* _Work to be completed_:
Make an exact copy of the records that follow, with each picture omitted.

Short descriptive text snippets
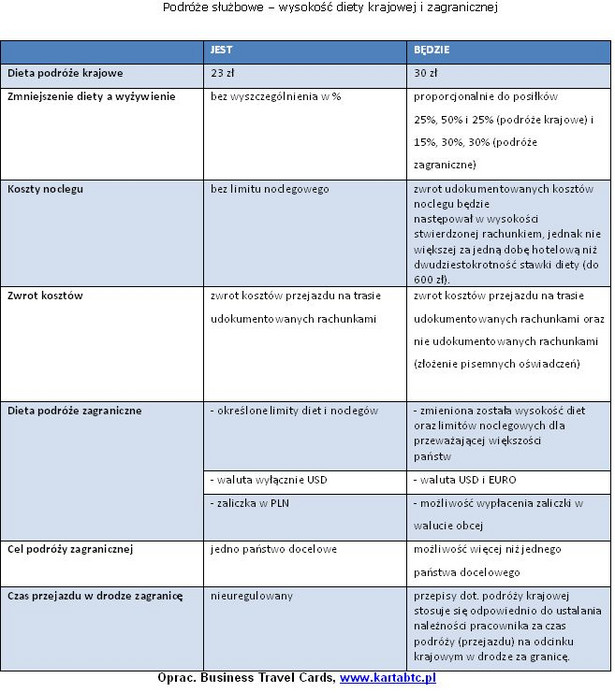 Podróże służbowe – wysokość diety krajowej i zagranicznej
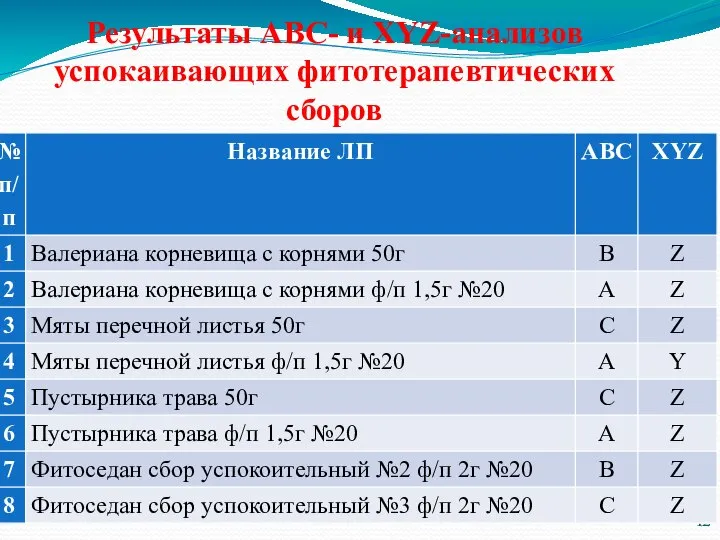 Результаты АВС- и XYZ-анализов успокаивающих фитотерапевтических сборов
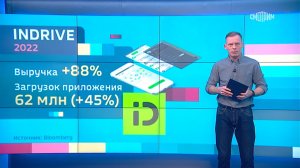 Вести.net: Онлайн-сервис заказа такси InDrive завоевал мировую популярность (21.02.2023)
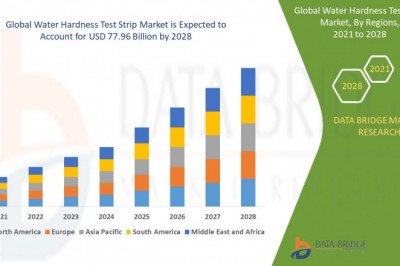 Global Water Hardness Test Strip Market Insight Business Opportunities, Revenue, Gross Margin and Forecast 2028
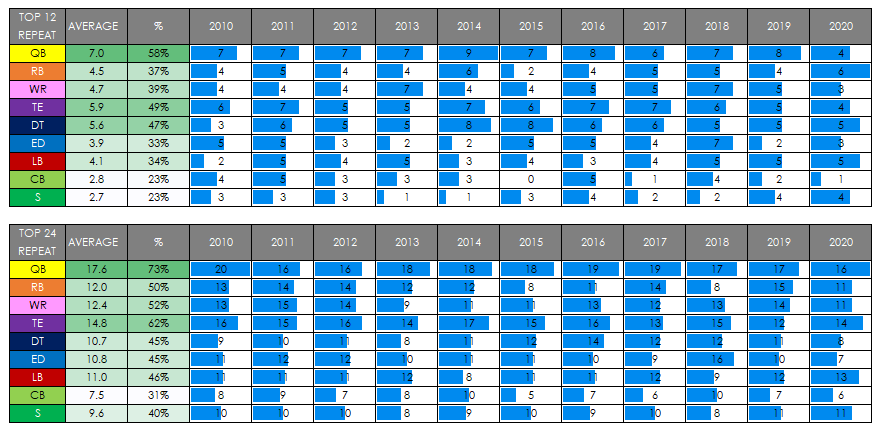 15 years of dynasty rookie draft history, Part 2: Locating the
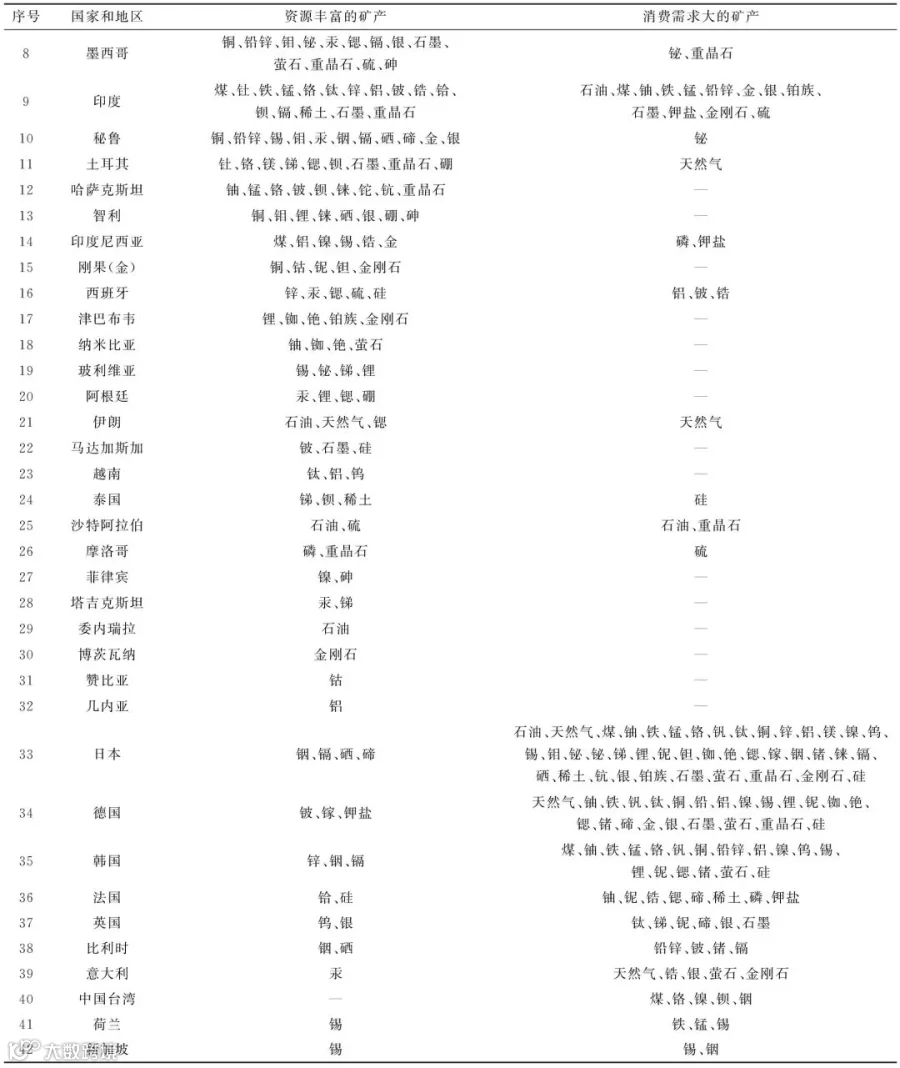 width=742,height=880,dpi=110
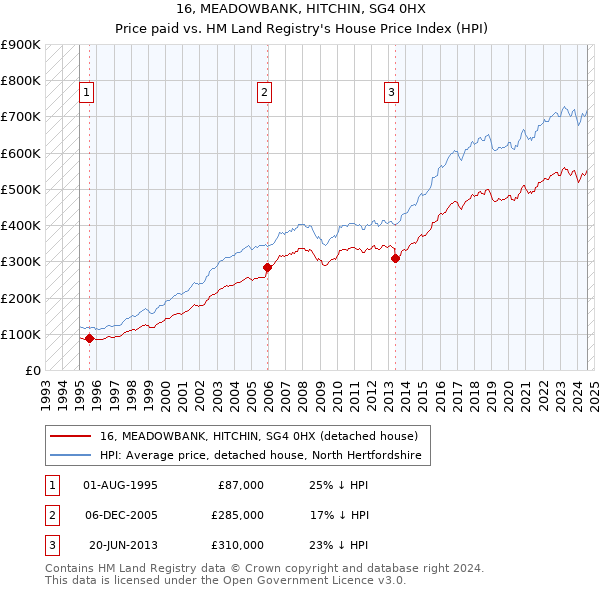 16, MEADOWBANK, HITCHIN, SG4 0HX: Price paid vs HM Land Registry's House Price Index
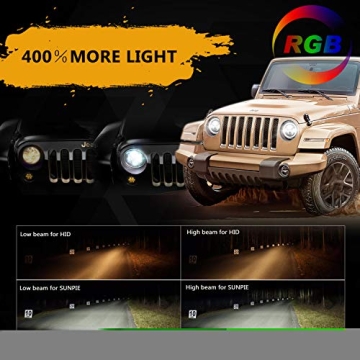RGB Halo Headlights for Jeep Wrangler 1997-2017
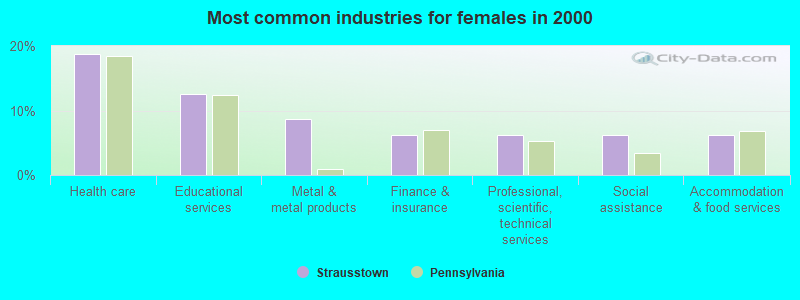 Most common industries for females 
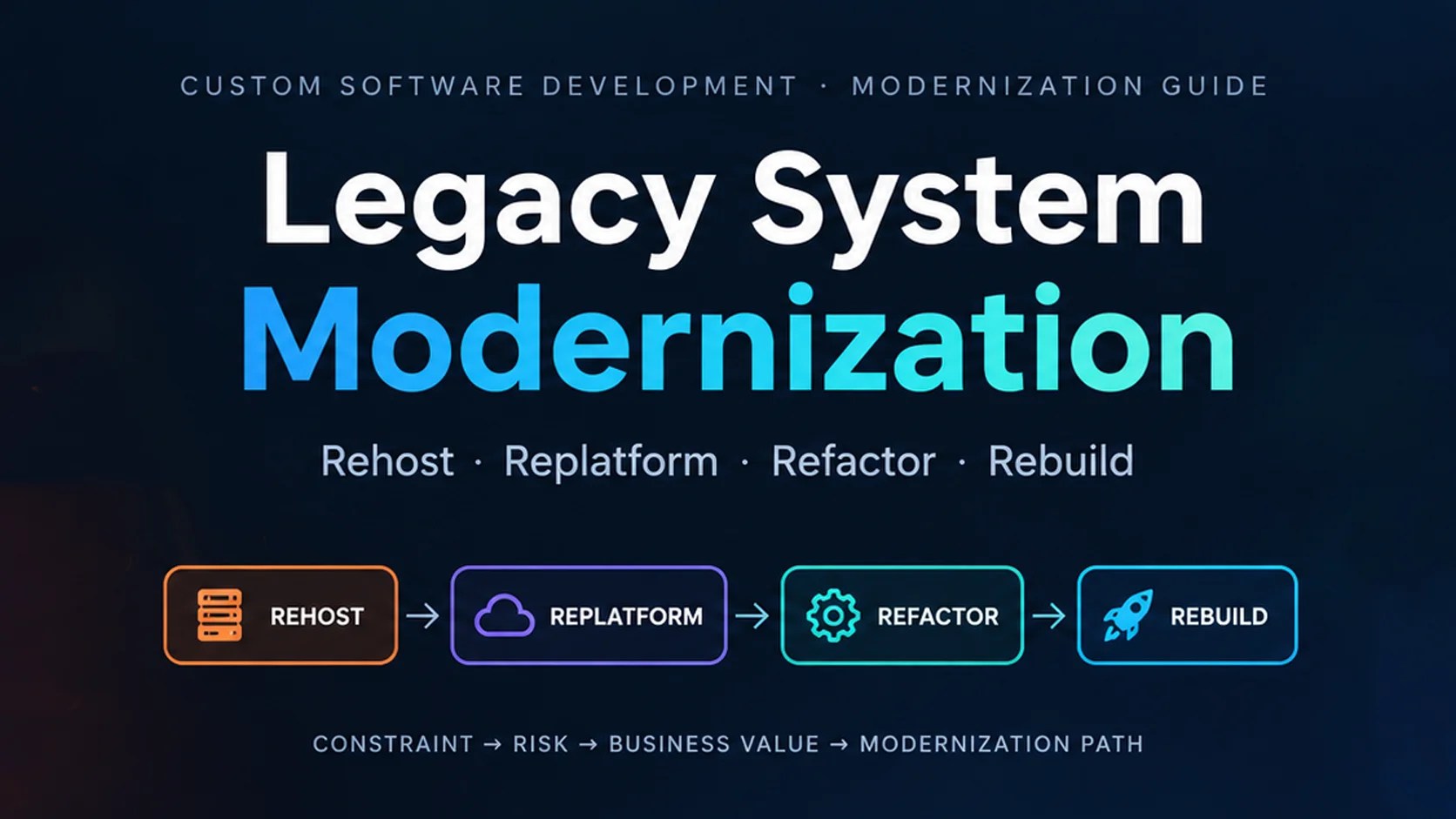 Legacy System Modernization: Rehost vs Rebuild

* _Task result_:
 Podróże służbowe – wysokość diety krajowej i zagranicznej
 Результаты АВС- и XYZ-анализов успокаивающих фитотерапевтических сборов
 Вести.net: Онлайн-сервис заказа такси InDrive завоевал мировую популярность (21.02.2023)
 Global Water Hardness Test Strip Market Insight Business Opportunities, Revenue, Gross Margin and Forecast 2028
 15 years of dynasty rookie draft history, Part 2: Locating the
 width=742,height=880,dpi=110
 16, MEADOWBANK, HITCHIN, SG4 0HX: Price paid vs HM Land Registry's House Price Index
RGB Halo Headlights for Jeep Wrangler 1997-2017
 Most common industries for females 
 Legacy System Modernization: Rehost vs Rebuild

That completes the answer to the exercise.